> _Directions_
Would you return the records below character for character, without any images?

Stored dataset items

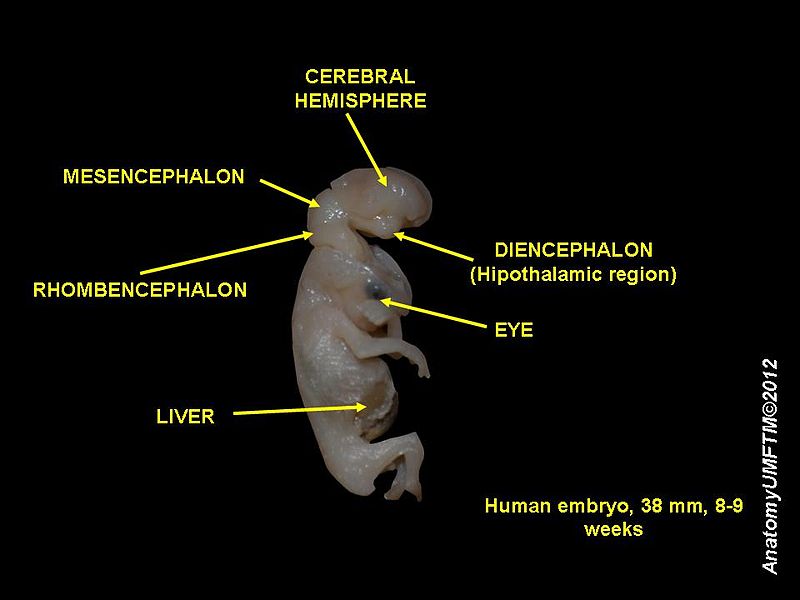 Main Difference - Embryo vs Foetus vs Gamete vs Zygote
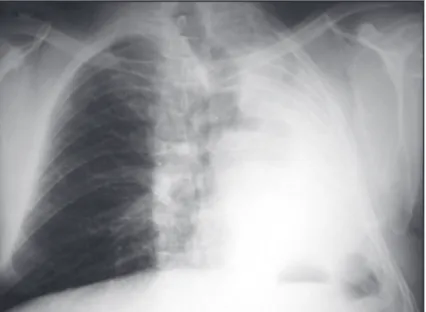 Figure 1.  Anteroposterior  chest  X-ray  showing  diffuse  opaciication  of  the  left  hemithorax  (opaque  hemithorax)
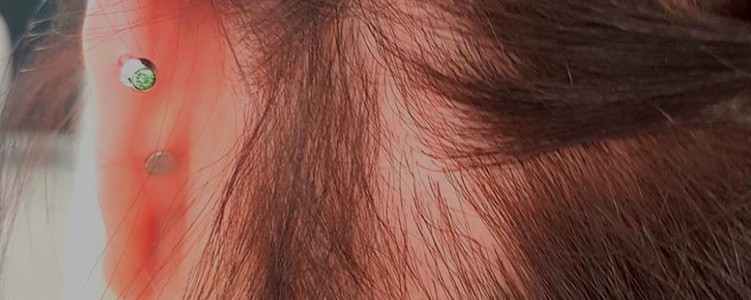 alopecia-de-tração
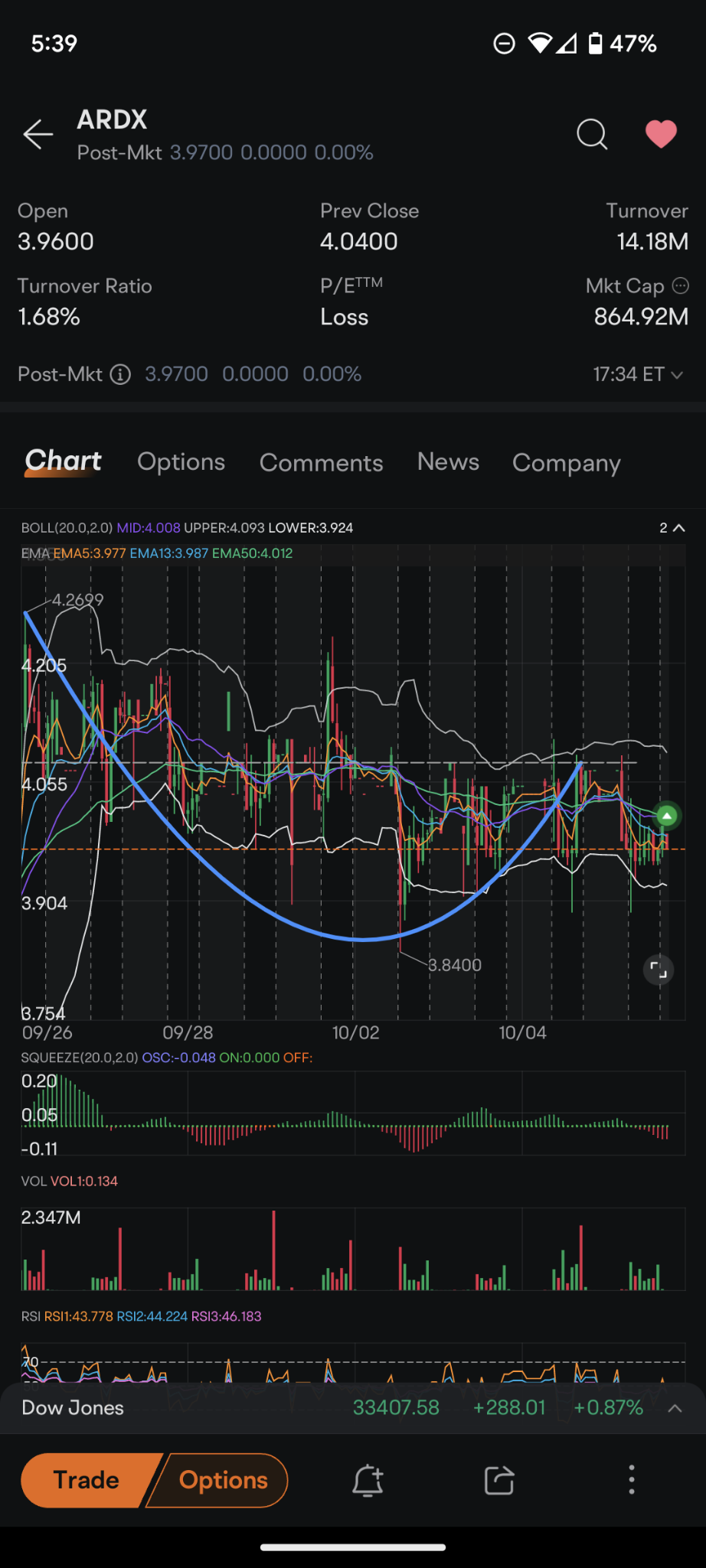 $Ardelyx (ARDX.US)$ 在1小时图上使用挤压监控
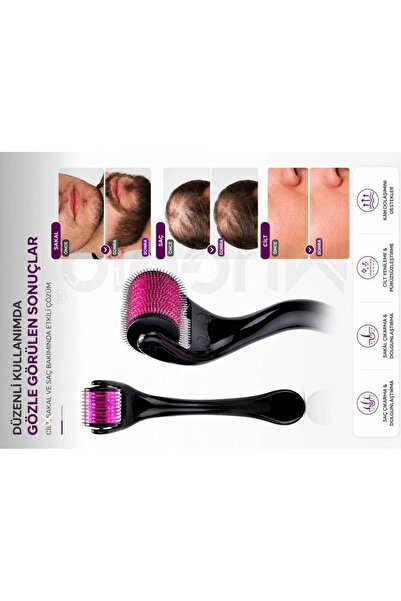 POLATRENDS Titanyum Uçlu 540 Iğneli Derma Roller 0.5 Mm Iğne M 0009 Saç Kaş Serum Kullanımına Uygun
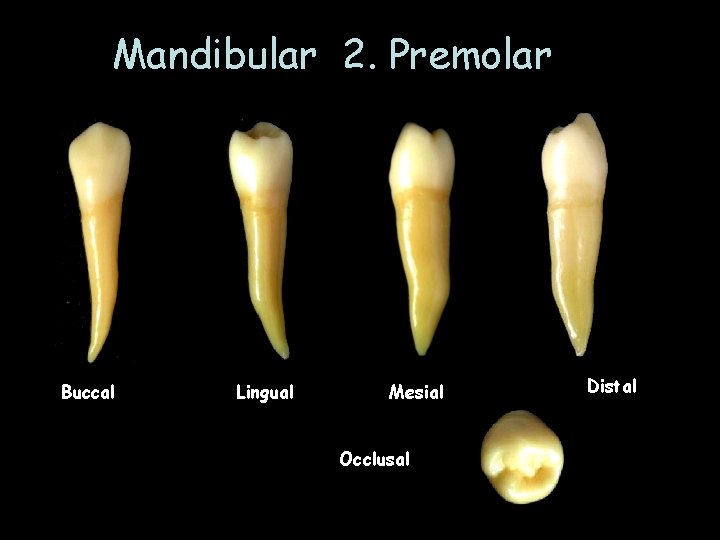 Mandibular 2. Premolar Buccal Lingual Mesial Occlusal Distal 
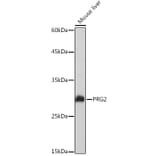 Western Blot - Anti-PRG2 Antibody (A11539) - Antibodies.com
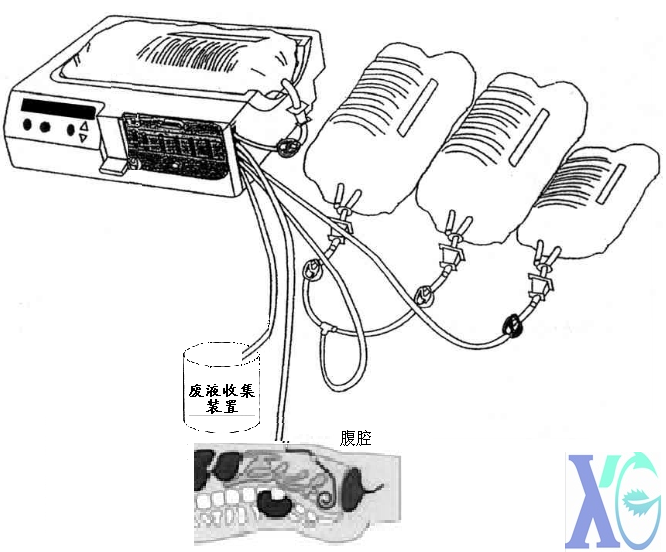 7f93aaff5783ccbafb66edb12bacfd2a.png 7f93aaff5783ccbafb66edb12bacfd2a.png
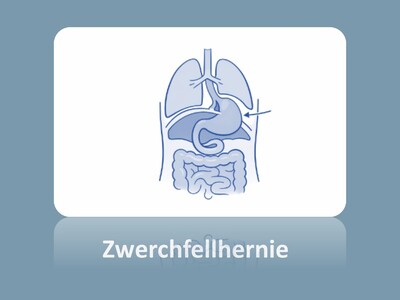Schematische Darstellung einer Zwerchfellhernie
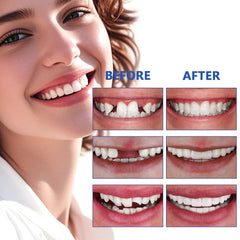 Kit instructions and tools for DIY dental repair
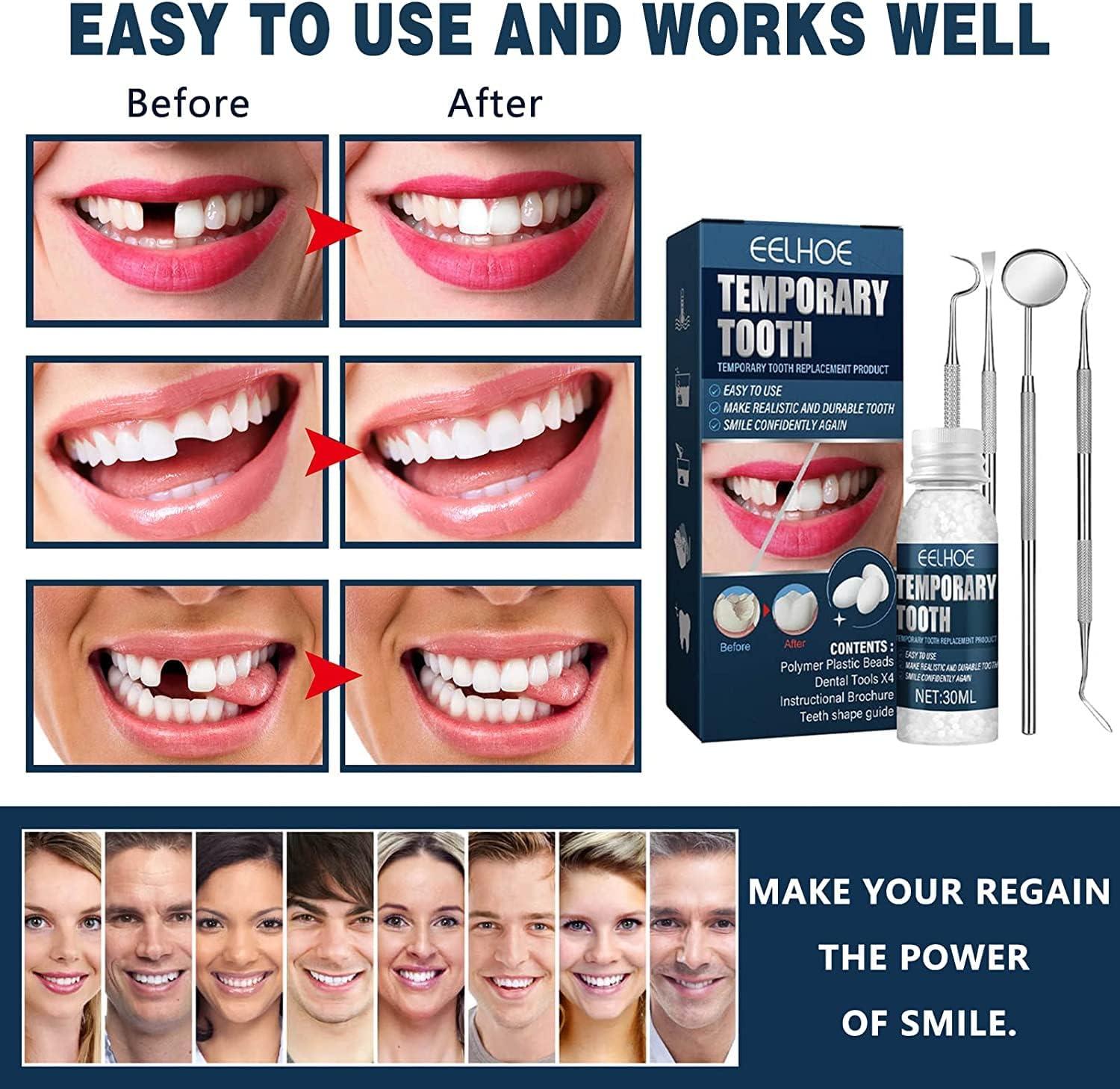 Ganbaro Moldable False Teeth, Teeth Repair Kit, Tooth Repair Granules, Temp  Tooth Beads with 4 Dental Tools, Snap On Instant and Confident Smile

> _Response_
 Main Difference - Embryo vs Foetus vs Gamete vs Zygote
 Figure 1.  Anteroposterior  chest  X-ray  showing  diffuse  opaciication  of  the  left  hemithorax  (opaque  hemithorax)
 alopecia-de-tração
 $Ardelyx (ARDX.US)$ 在1小时图上使用挤压监控
 POLATRENDS Titanyum Uçlu 540 Iğneli Derma Roller 0.5 Mm Iğne M 0009 Saç Kaş Serum Kullanımına Uygun
 Mandibular 2. Premolar Buccal Lingual Mesial Occlusal Distal 
 Western Blot - Anti-PRG2 Antibody (A11539) - Antibodies.com
 7f93aaff5783ccbafb66edb12bacfd2a.png 7f93aaff5783ccbafb66edb12bacfd2a.png
Schematische Darstellung einer Zwerchfellhernie
 Kit instructions and tools for DIY dental repair
 Ganbaro Moldable False Teeth, Teeth Repair Kit, Tooth Repair Granules, Temp  Tooth Beads with 4 Dental Tools, Snap On Instant and Confident Smile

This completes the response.